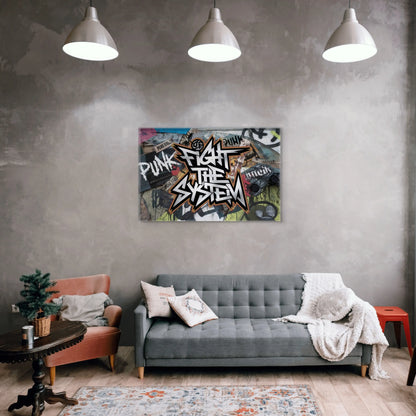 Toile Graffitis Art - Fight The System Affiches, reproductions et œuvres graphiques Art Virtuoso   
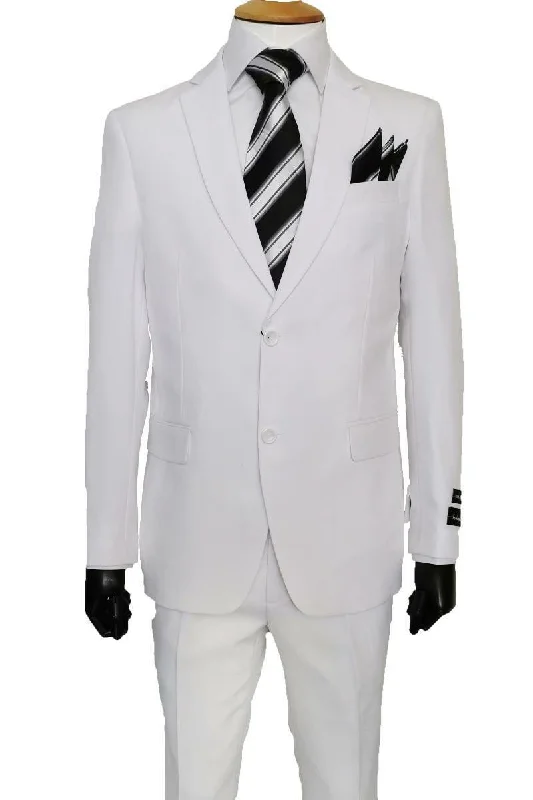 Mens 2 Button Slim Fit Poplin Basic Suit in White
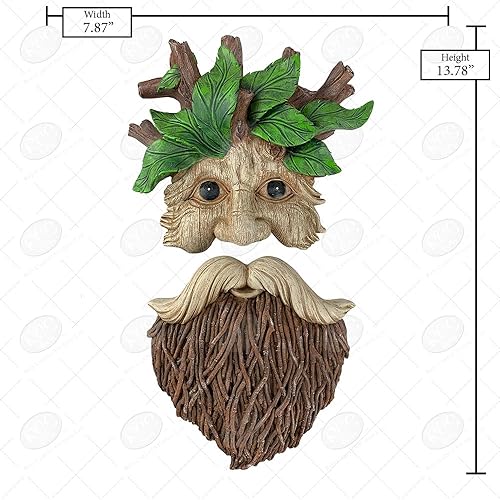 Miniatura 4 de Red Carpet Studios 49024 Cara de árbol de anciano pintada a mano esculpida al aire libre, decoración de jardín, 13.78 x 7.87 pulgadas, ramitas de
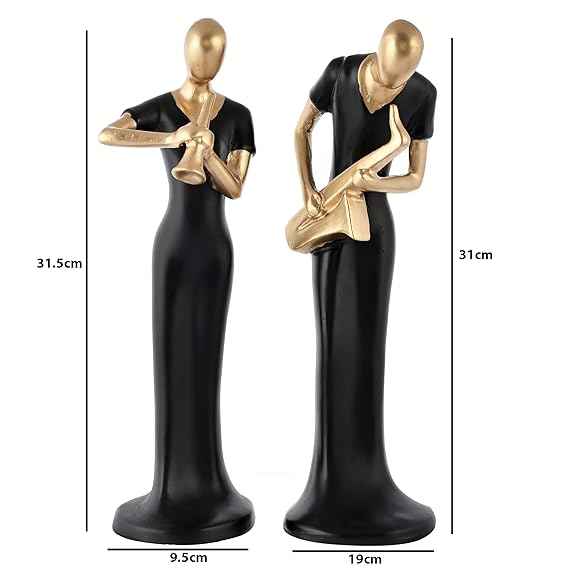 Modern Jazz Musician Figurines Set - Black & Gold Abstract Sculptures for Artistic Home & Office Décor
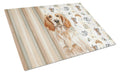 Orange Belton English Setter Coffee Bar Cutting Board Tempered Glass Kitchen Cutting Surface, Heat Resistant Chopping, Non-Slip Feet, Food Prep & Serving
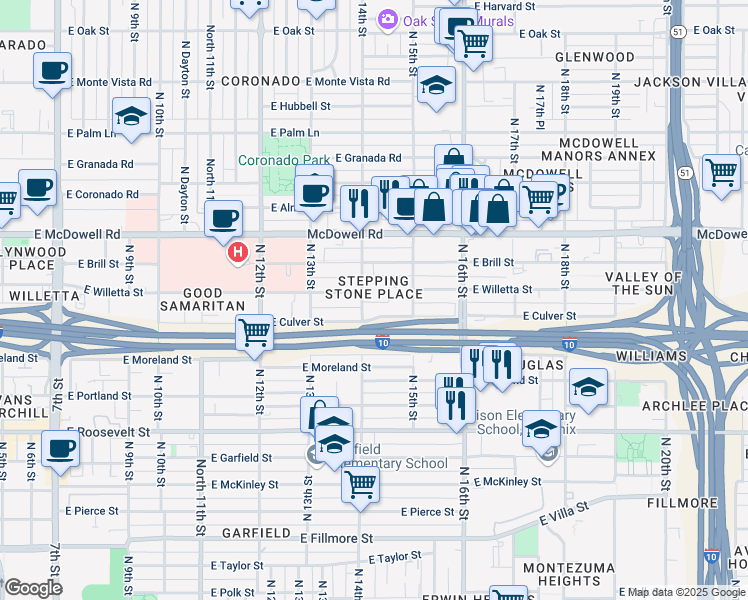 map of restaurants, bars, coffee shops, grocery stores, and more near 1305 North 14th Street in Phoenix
********************
Leaving out every picture, copy exactly the lines from the one that contains "Orange Belton English" through the end of the entries above.

→ **Solution for this exercise**:
 Orange Belton English Setter Coffee Bar Cutting Board Tempered Glass Kitchen Cutting Surface, Heat Resistant Chopping, Non-Slip Feet, Food Prep & Serving
 map of restaurants, bars, coffee shops, grocery stores, and more near 1305 North 14th Street in Phoenix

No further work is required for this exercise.